# Problem
Which lines of the entries below run from the one holding "Полная коробка передач" to the one holding "22010 SW BEACH", inclusive? Set down exactly those lines and no others.

# Given data
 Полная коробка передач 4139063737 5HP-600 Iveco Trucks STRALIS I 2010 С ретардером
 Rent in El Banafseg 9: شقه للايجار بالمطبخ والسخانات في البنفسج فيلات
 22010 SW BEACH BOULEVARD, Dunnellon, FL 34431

...

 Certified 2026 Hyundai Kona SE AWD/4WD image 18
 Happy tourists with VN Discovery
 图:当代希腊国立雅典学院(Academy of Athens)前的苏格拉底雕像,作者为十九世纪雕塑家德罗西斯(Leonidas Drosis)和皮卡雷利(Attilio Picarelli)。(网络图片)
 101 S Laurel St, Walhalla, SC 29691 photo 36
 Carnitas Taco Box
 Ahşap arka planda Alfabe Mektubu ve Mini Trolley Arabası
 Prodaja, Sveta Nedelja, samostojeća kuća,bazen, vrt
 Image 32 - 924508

...

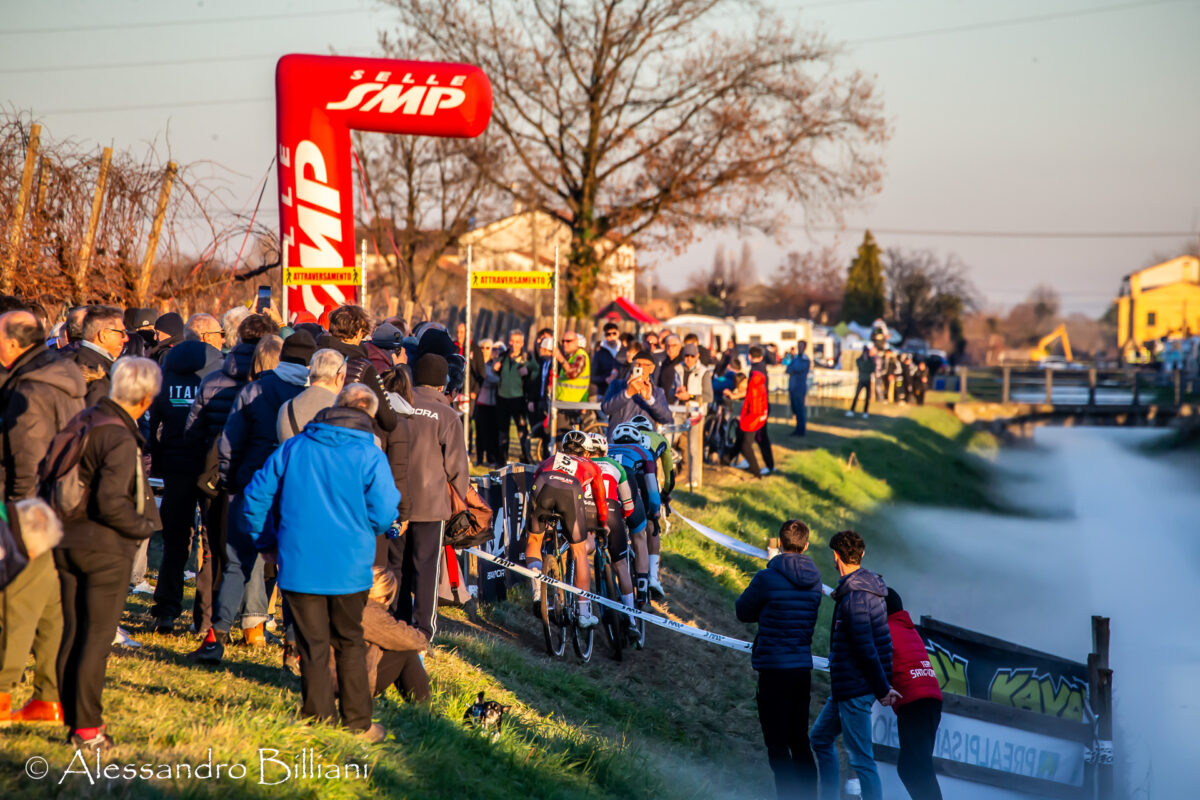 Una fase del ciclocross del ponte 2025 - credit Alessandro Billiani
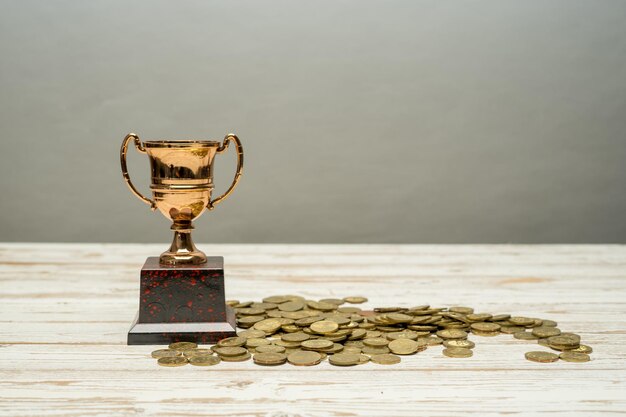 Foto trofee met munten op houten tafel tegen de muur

# Worked solution
 Полная коробка передач 4139063737 5HP-600 Iveco Trucks STRALIS I 2010 С ретардером
 Rent in El Banafseg 9: شقه للايجار بالمطبخ والسخانات في البنفسج فيلات
 22010 SW BEACH BOULEVARD, Dunnellon, FL 34431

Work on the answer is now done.